─── INFORMATION PROVIDED

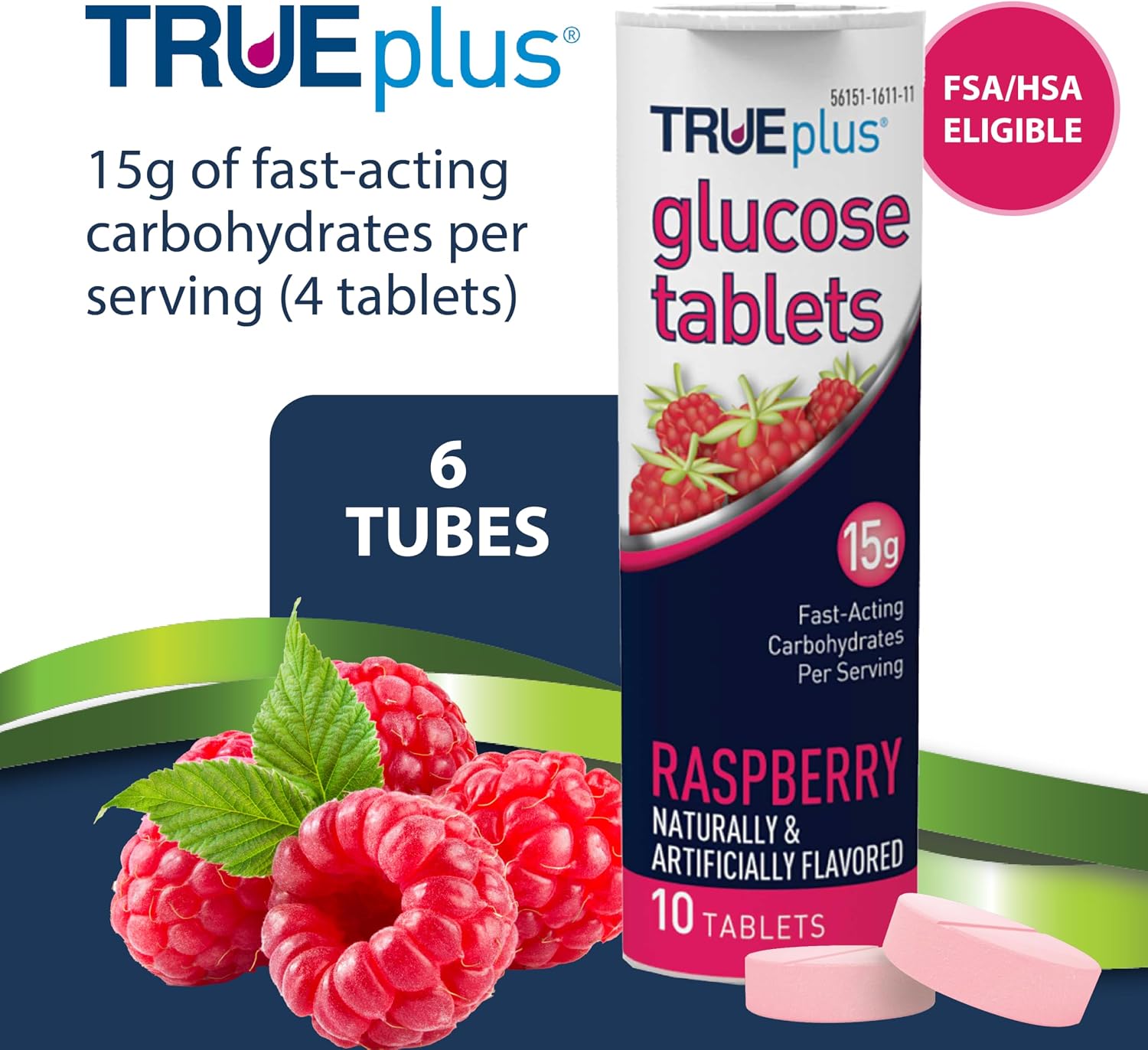 TRUEplus Glucose Tablets, Raspberry Flavor, 10 Count, 6 Tubes | Chewable Tablets, 15g Fast-Acting Carbohydrates, Fat Free, Gluten Free, Boosts Energy, Great Tasting and Easy to Use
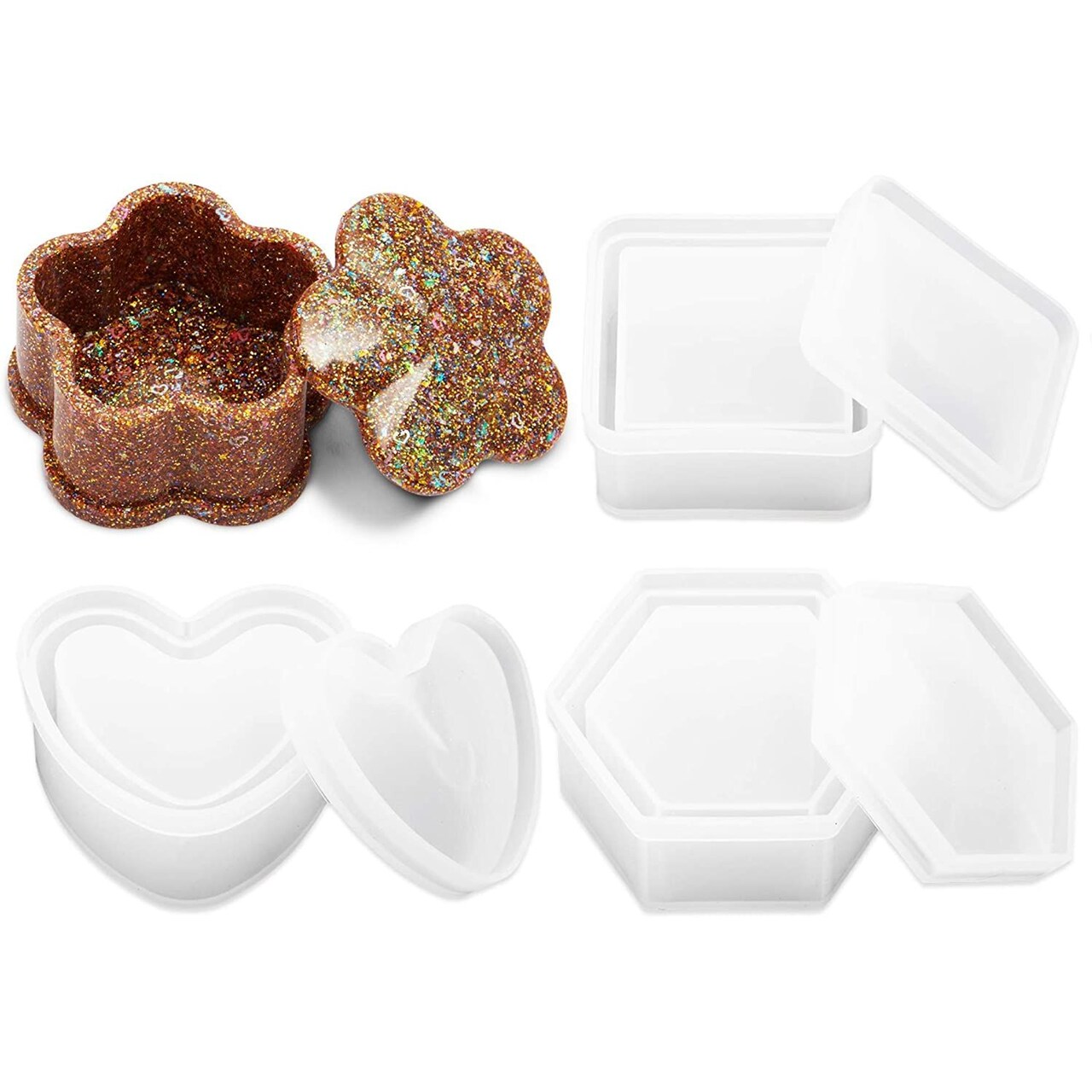 Clear Resin Silicone Shaping Kit, DIY Craft Supplies, Geometric Shapes (4 Pieces)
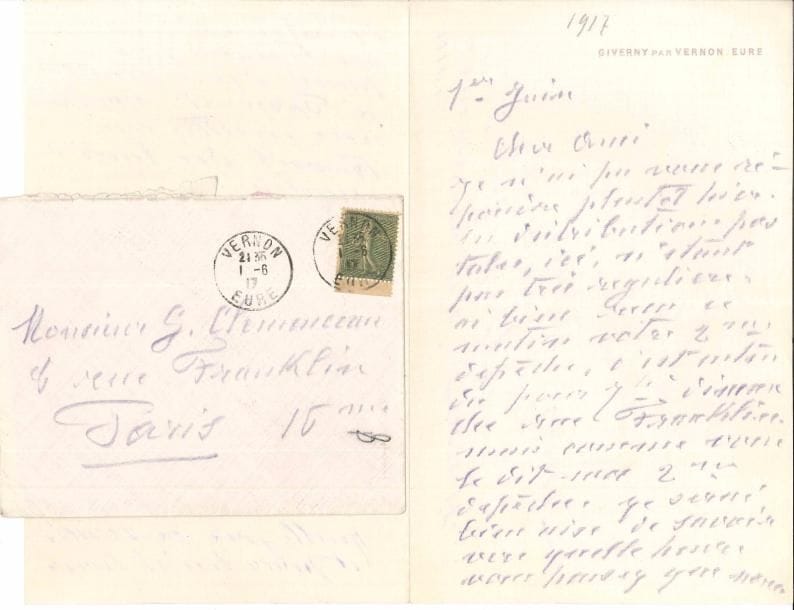 Claude MONET (1840-1926). L.A.S., Giverny 1er juin [1917] à Georges Clemenceau ; 2 pages et quart in-8 au crayon violet à l’adresse Giverny par Vernon, enveloppe.
   Voyage avec Clemenceau pour voir la cathédrale de Reims bombardée. Il n’a pu lui répondre plus tôt, « les distributions postales, ici, n’étant pas très régulières. Ai bien reçu ce matin votre 2me dépêche, c’est entendu pour 7 h dimanche rue Franklin. […] Je serai bien aise de savoir vers quelle heure vous pensez que nous [serons] de retour à Paris ne tenant pas à passer deux nuits à Paris, et voulant me mettre au travail dès lundi matin. Serait-il possible que je puisse embrasser mon fils qui se trouve à peu de distance de Reims entre Fismes et Craonne, exactement à Ventelay, convoi automobile, section sanitaire 46. […] Quelle joie ce serait et pour lui et pour moi »…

──────

Print from the line containing "Clear Resin Silicone" through the line containing "Claude MONET (1840-1926)." in the data above, exactly as the lines stand, and omit every picture.

 Clear Resin Silicone Shaping Kit, DIY Craft Supplies, Geometric Shapes (4 Pieces)
 Claude MONET (1840-1926). L.A.S., Giverny 1er juin [1917] à Georges Clemenceau ; 2 pages et quart in-8 au crayon violet à l’adresse Giverny par Vernon, enveloppe.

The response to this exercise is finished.